While Islamic doctrine does not specifically ban women from running, the sterner tribal norms that Hamas members and many Gaza residents adhere to effectively keep women from moving in ways that reveal the shape of their bodies. Even before Hamas' latest edict, Nader Masri, who represented Palestine in the five-kilometer race in the 2008 Beijing Olympics, conceded the idea of women running in public in Gaza was dangerous, if not impossible. As a result, any girls or women in the crowded coastal strip with athletic ambitions are forced to train indoors, in secret, or in most cases, not at all.
"My dad told me that I'm a pretty woman now, and not a girl anymore, so I can't run in the streets," said Noura Shukri, a 15-year-old high school student. She ran in the first two Gaza marathons, but didn't bothered to sign up for this year's event because she feared it would cause trouble for her father. "It will be a headache for him because people will gossip," she added.
The real cynics in all this, though, are those still in control at the IOC. During the run-up to the London Olympics they were besieged by human-rights activists demanding they honor the words in their own charter — "Every individual must have the possibility of practicing sport, without discrimination" — and that the delegation of every country in attendance include both men and women. The IOC cut all kinds of deals — even waiving their minimum competitive standards — so that Saudi Arabia, Qatar and Brunei would attend with female athletes and IOC president Jacques Rogge could include this line in his speech at the opening ceremony:
"For the first time in Olympic history all the participating teams will have female athletes. This is a major boost for gender equality."
Except it wasn't.
Saudi Arabian judoist Wojdan Ali Seraj Abdulrahim Shahrkhani, one of only two women on her national team, lasted all of 82 seconds before finding a soft place to land, and lost. And even that highlight — or lowlight, take your pick — wasn't shown on television back home. Qatari runner Noor Hussain al-Malki, likewise, pulled up just 15 meters into her 100-meter heat, grabbing her right leg and leaving the arena in a wheelchair.
Afterward, IOC spokesman Mark Adams said with a straight face, "Did we expect them to win gold medals? Probably not."
The question Adams should have asked, though, might have been, "Do you expect them to return home with more and varied opportunities to get better?" If so, he would have honestly answered it, "Who knows?"
In that sense, Shahrkhani's example might be instructive. Prior to the London Games, she had never fought in an organized event anywhere, at any level. Her father, a judo referee trained her in in a small room in the family's house in Mecca. Swept up in the glow of her brief Olympics experience, he talked about opening a training studio so his daughter and other women could sharpen their skills and take a real turn on the world's biggest sporting stages. Seeking a progress report, I called AP reporter Barbara Surk, who covers sports in that corner of the world from our Lebanon bureau. She, too, has been trying to find the Shahrkanis since the London Olympics.

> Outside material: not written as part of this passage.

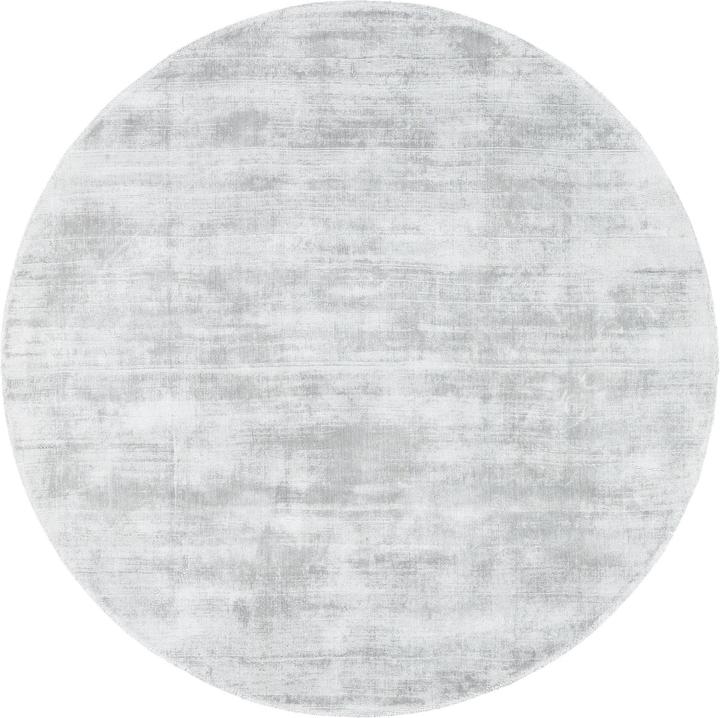 Actual product image Pergamon Luxury designer carpet Roma (Ø 120 cm)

"Nothing," she said. "It's like they've disappeared."
You might say the same thing about the IOC's effort on behalf of sportswomen in the Gulf states, though De Frantz has no such plans. She is scheduled to speak Monday to the UN, where the IOC has permanent observer status, and said she might find the time and room to make some revisions in her report.
"Remember, the sports movement, and progress in that regard, isn't something that only happens every four years at the Olympics," De Frantz said. "It's every day. ... And there is going to be push and pull on all those days in between."